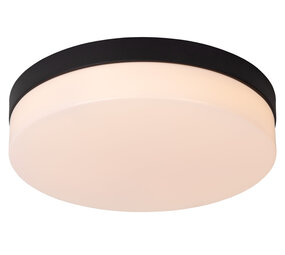 Lucide BISKIT - Plafonnière Badkamer - Ø 28 cm - LED - 1x18W 2700K - IP44 - Bewegingssensor - Zwart Lucide BISKIT - Plafonnière Badkamer - Ø 28 cm - LED - 1x18W 2700K - IP44 - Bewegingssensor - Zwart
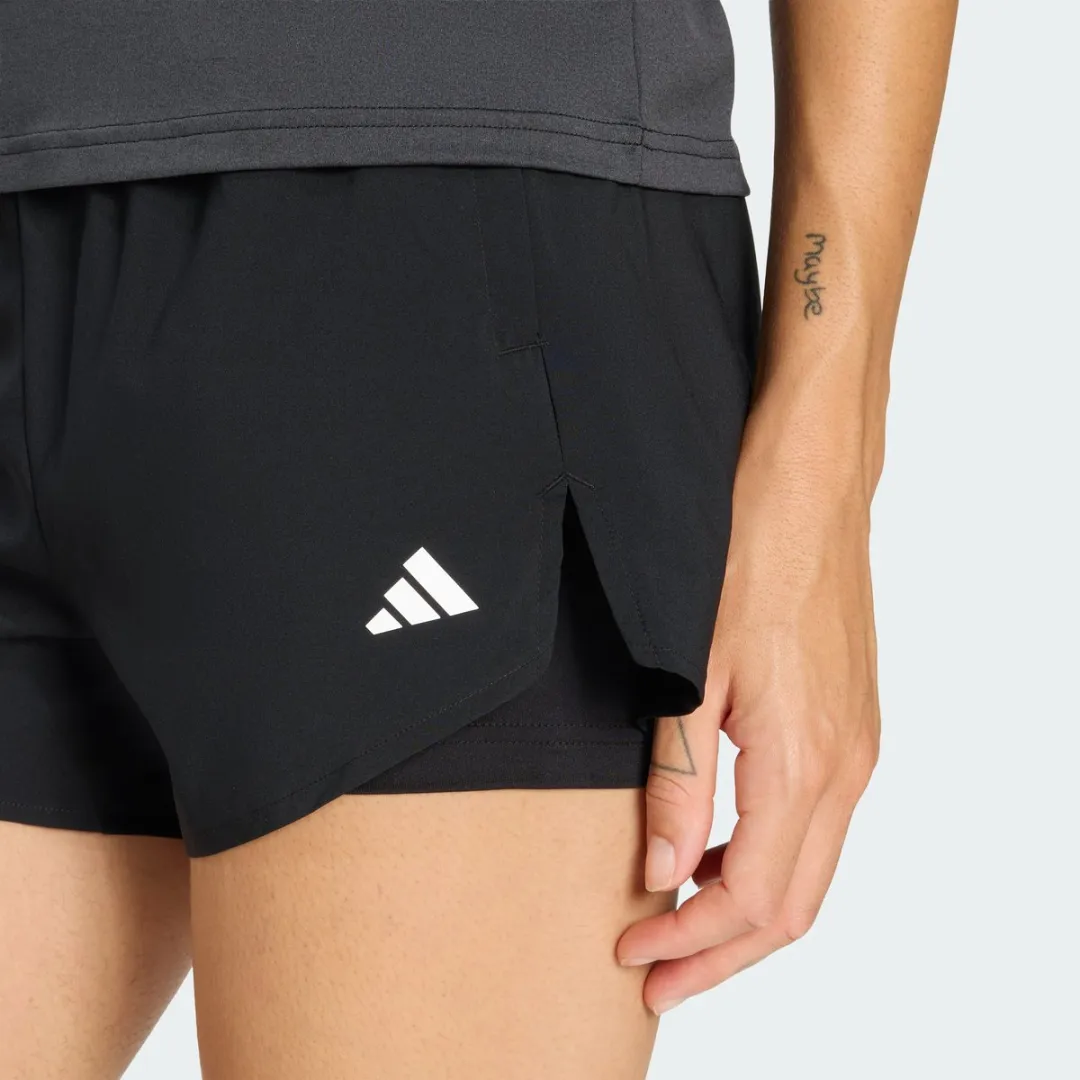 Adidas Performance Workout Essentials 2In1 Short KB1242 - L - Zwart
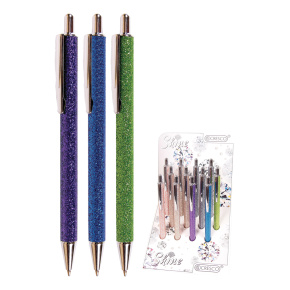 Pero guľôčkové SHINE (mix /cena 1ks) modrá náplň Pero guľôčkové SHINE (mix /cena 1ks) modrá náplň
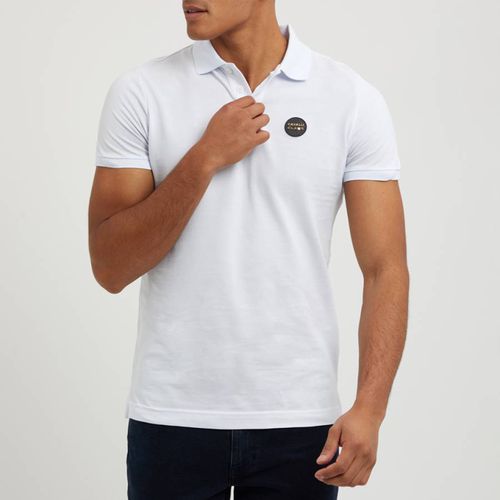 White Patch Logo Cotton Polo Shirt - Cavalli Class - Modalova
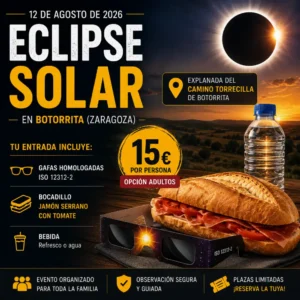 Entrada eclipse solar 2026 – Adulto
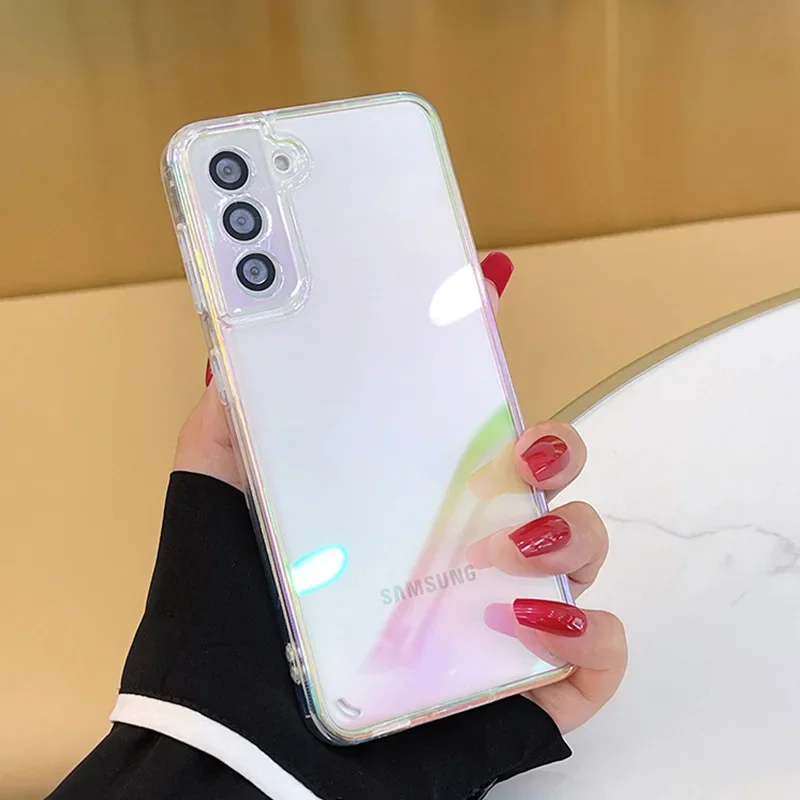 Enhanced Laser Gradient Shockproof Soft TPU Phone Case Cover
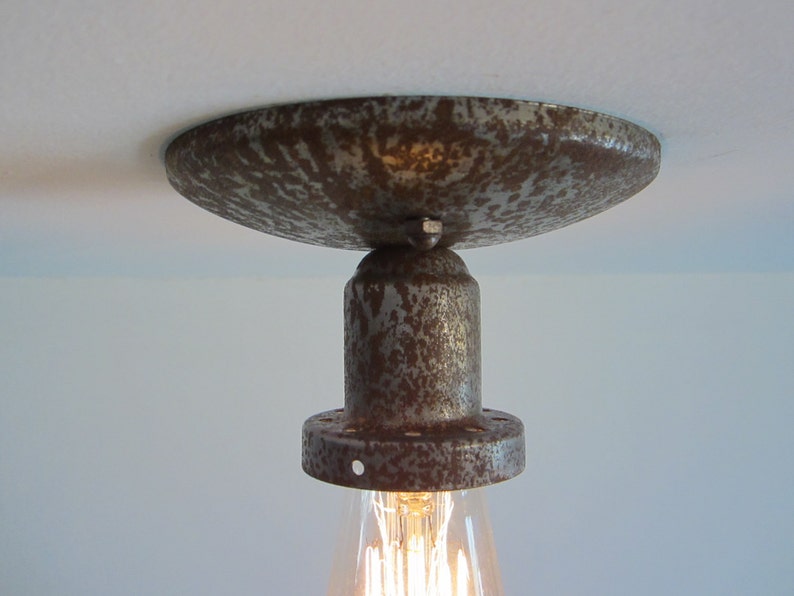 Flush Mount Ceiling Light or Wall Sconce the Waycaster Etsy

--

WORK TO BE COMPLETED -> Between and including the line above that contains "Pero guľôčkové SHINE (mix /cena 1ks) modrá náplň Pero" and the line that contains "Enhanced Laser Gradient", restate every line word for word. Pictures stay out.

ANSWER SECTION ->
 Pero guľôčkové SHINE (mix /cena 1ks) modrá náplň Pero guľôčkové SHINE (mix /cena 1ks) modrá náplň
 White Patch Logo Cotton Polo Shirt - Cavalli Class - Modalova
 Entrada eclipse solar 2026 – Adulto
 Enhanced Laser Gradient Shockproof Soft TPU Phone Case Cover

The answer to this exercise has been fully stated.